Re: Buffer overflows

"Reece Dunn" <msclrhd@xxxxxxxxxxxxxx> · Thu, 30 Aug 2007 23:34:26 +0100

On 30/08/2007, Timo Sirainen <tss@xxxxxx> wrote:
> On 31.8.2007, at 0.35, Reece Dunn wrote:
>
> >> The problem is that the git code is full of these random cases. It's
> >> simply a huge job to even try to verify the correctness of it. Even
> >> if someone did that and fixed all the problems, tomorrow there would
> >> be new ones because noone bothers to even try to avoid them. So there
> >> really isn't any point in trying to make git secure until the coding
> >> style changes.
> >
> > You don't want a manual check to do these kinds of checks. Not only is
> > it a huge job, you have the human factor: people make mistakes. This
> > is (in part) what the review process is for, but understanding how to
> > identify code that is safe from buffer overruns, integer overflows and
> > the like is a complex task. Also, it may work on 32-bit which has been
> > verified, but not on 64-bit.
> >
> > It would be far better to specify the rules on how to detect these
> > issues into a static analysis tool and have that do the checking for
> > you. Therefore, it is possible to detect when new problems have been
> > added into the codebase. Does sparse support identifying these issues?
>
> Yes, it is a complex task. But if there did exist such a static
> analyzer tool already, it would probably show that half of the strcpy
> () calls (and others) in git are currently unsafe. Wouldn't help all
> that much I think.

Let's see:

symlinks.c(39): In has_symlink_leading_path, the last_symlink input
argument needs to be large enough to hold MAX_PATH characters, as this
is sizeof(path). This is a potential risk, depending on how this
method is used.

sideband.c(17): buf is large enough to copy the "remote:" string
literal into. Also, the buffer is large enough for the input being
read, as packet_read_line specifies the size of the remaining buffer
with an extra character reserved for the null. Therefore, this usage
is safe.

sha1_file.c(550): open_pack_index does a runtime calculation that
essentially results in strcpy( ".pack", ".idx" ). As these are
literals, this usage is safe, provided that strlen(idx_name) >
strlen(".pack") which should be ensured by the caller. Hence, this
usage is safe.

So far, these are looking safe to me.

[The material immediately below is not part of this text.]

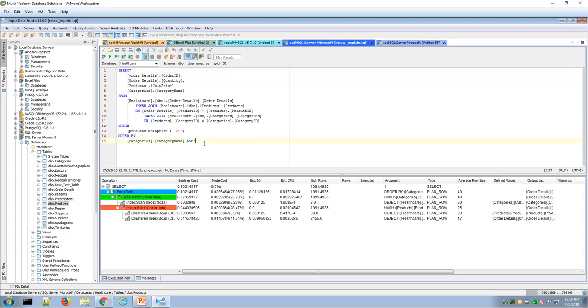Thank you for watching this introduction video on AquaData Studio query analyzer.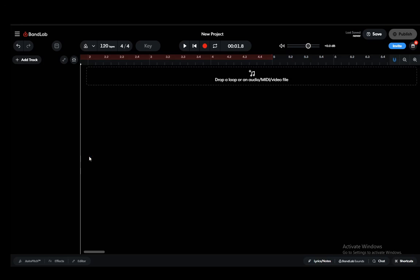Hey everybody, what is going on? I hope you guys are all doing well and welcome to another tutorial video. In this video I'll be explaining to you guys how you can record high quality audio in BandLab, so let's get right into it.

I'd need to check the remaining
uses to be sure and to find the strcpy usage that you have identified
as an issue.

It would also be worth creating a test case that triggers this bug, as
that can then be used to ensure that it does not reappear once fixed.
That is the best way to deal with these, as not all uses of "unsafe"
API are actually unsafe.

> >> The code should be easy to verify to be secure, and with some kind of
> >> a safe string API it's a lot easier than trying to figure out corner
> >> cases where strcpy() calls break.
> >
> > Why is it easier? If you have a fixed-size buffer, why not use
> > strncpy, which is what a safe string API is essentially doing anyway?
>
> Well, strncpy() is a pretty good example actually. A lot of people
> use it wrong, because they don't realize that it doesn't necessarily
> NUL-terminate the strings. So it's another example of a bad API that
> can be easily used wrong. And besides that, it also fills the rest of
> the buffer with NULs, which is almost always pointless waste of CPU.

Ok, I take your point. However, there is nothing preventing these API
from being used correctly. Granted, this is more work and like the
strncpy example, have subtle behaviour, but that does not make it
impossible.

As an example, do your safe API do null pointer checks. This is
because strcpy, strlen and the like don't, which is one of the reasons
why they are considered unsafe. But then, if you guarantee that you
are not passing a null pointer to one of these API, why take the hit
of the additional checks when you know that these are safe. It is also
easier to debug the problem if it happens at the point of call,
instead of silently working.

One of the problems with a safe string API is that there are different
possible things to do when an overrun is detected. The best thing to
do would be to cap the input to the buffer size and return some error
status. For example, you could have:

    STR_STATIC(str, 1);
    sstr_append(str, "/foo/bar");
    // run "rm -rf ${str}"

which would hose your system. This is worse than a buffer overrun.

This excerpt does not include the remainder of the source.